Scraped caption text data

───

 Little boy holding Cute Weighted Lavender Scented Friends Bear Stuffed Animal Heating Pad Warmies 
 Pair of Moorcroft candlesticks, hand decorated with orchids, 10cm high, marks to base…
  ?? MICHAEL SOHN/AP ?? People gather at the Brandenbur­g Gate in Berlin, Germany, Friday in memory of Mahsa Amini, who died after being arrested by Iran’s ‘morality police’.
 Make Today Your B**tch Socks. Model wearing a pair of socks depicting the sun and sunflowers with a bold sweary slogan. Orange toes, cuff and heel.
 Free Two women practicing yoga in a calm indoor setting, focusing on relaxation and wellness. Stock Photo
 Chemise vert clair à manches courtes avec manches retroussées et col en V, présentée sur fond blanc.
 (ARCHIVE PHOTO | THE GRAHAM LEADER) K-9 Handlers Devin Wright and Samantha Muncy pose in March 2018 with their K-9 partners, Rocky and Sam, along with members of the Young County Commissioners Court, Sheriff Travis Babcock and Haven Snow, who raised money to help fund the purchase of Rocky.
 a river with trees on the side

───

Retype all the data exactly, line for line.

 Little boy holding Cute Weighted Lavender Scented Friends Bear Stuffed Animal Heating Pad Warmies 
 Pair of Moorcroft candlesticks, hand decorated with orchids, 10cm high, marks to base…
  ?? MICHAEL SOHN/AP ?? People gather at the Brandenbur­g Gate in Berlin, Germany, Friday in memory of Mahsa Amini, who died after being arrested by Iran’s ‘morality police’.
 Make Today Your B**tch Socks. Model wearing a pair of socks depicting the sun and sunflowers with a bold sweary slogan. Orange toes, cuff and heel.
 Free Two women practicing yoga in a calm indoor setting, focusing on relaxation and wellness. Stock Photo
 Chemise vert clair à manches courtes avec manches retroussées et col en V, présentée sur fond blanc.
 (ARCHIVE PHOTO | THE GRAHAM LEADER) K-9 Handlers Devin Wright and Samantha Muncy pose in March 2018 with their K-9 partners, Rocky and Sam, along with members of the Young County Commissioners Court, Sheriff Travis Babcock and Haven Snow, who raised money to help fund the purchase of Rocky.
 a river with trees on the side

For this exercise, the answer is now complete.